Cette intégrale regroupe ses trois premières « aventures ». Dans Le chien debout, Canardo ne tient pas le rôle principal. C’est Fernand, un chien exilé depuis plusieurs années qui rentre au bercail pour retrouver un amour de jeunesse. Une sombre histoire de savant fou et de vivisection viendra ruiner ses espoirs. La marque de Raspoutine se déroule en Sibérie. Canardo accepte d’accompagner la belle Alexandra dans les plaines de Russie pour qu’elle retrouve son père, le cruel Raspoutine, un chat obèse à la tête d’une troupe sanguinaire. Enfin, dans La mort douce, le brave canard apprendra que la musique n’adoucit pas les mœurs, loin de là.
Bien avant le Blacksad de Canales et Guarnido, Sokal a créé un détective privé ayant les traits d’un animal et qui évolue parmi ses congénères anthropomorphes. Vous l’aurez compris, Canardo n’est pas Donald Duck. Et son monde n’est pas celui de Walt Disney, loin de là. Tous les personnages présents dans cette intégrale traînent un insondable vague à l’âme. Les décors non plus n’inspirent pas la joie : les cieux sont bas, gris, pluvieux. Le troquet « Chez Fredo », qui apparaît dans les trois tomes, est sale et enfumé.
Les protagonistes masculins sont des ordures ou des losers. Dans chaque histoire, c’est une figure féminine qui provoque le drame. Mais la femme est finalement la seule à garder un semblant d’humanité. Le regard que porte Sokal sur ses semblables à travers ces animaux doués de raison (si l’on peut dire !) peut sembler désespérant. J’ai l’impression qu’il est surtout très pessimiste. On nage en pleine tragédie. Le destin de chacun est tout tracé et la chute impossible à éviter. Canardo est juste un spectateur désabusé et mélancolique qui s’accroche à la bouteille comme on s’accroche à un dernier espoir.
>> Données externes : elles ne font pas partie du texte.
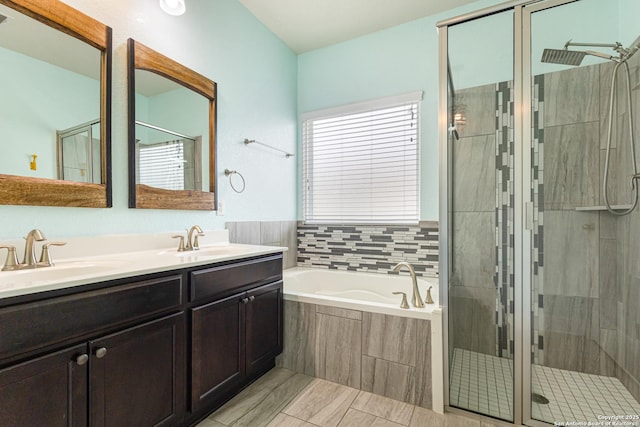 15122 Cinnamon Teal, San Antonio, TX 78253 - bathroom with a stall shower, a bath, and double vanity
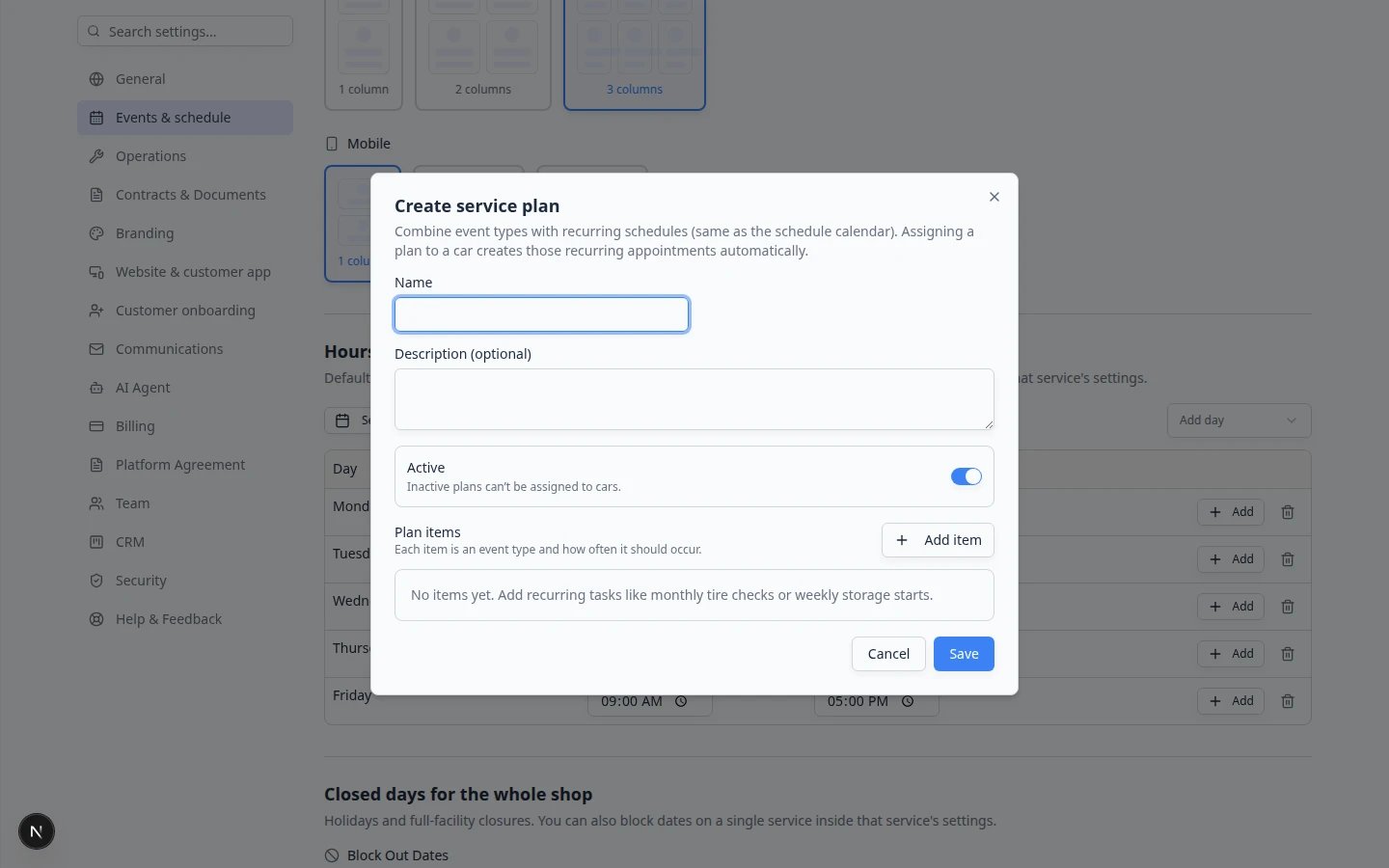 Create service plan dialog showing Name, Description, Active toggle, Plan items section, and Add item button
Ces trois premiers tomes sont parmi les meilleurs de la série qui va énormément perdre en qualité par la suite (le 19ème volume doit sortir au mois d’avril). A dévorer d’urgence.
Canardo : intégrale premier cycle, de Benoit Sokal, éditions Castermane, 2010. 16 euros.
L’info en plus : Les éditions Casterman publient dans leur collection Haute densité l’intégrale d’une autre série de Benoit Sokal. Il s’agit de Paradise, dont voici un résumé succinct : « En Mauranie, le roi Rodon attend le retour de sa fille. Mais l'avion de cette dernière est abattu par des rebelles. Rescapée mais amnésique, elle est recueillie dans le palais du prince de la ville de Madargane... ». Cette série contient en tout 4 albums qui sont regroupés dans cette intégrale. A noter que Sokal n’œuvre pas au dessin (c’est Brice Bingono qui s’y colle), il scénarise cette histoire dépaysante et torturée comme il les aime.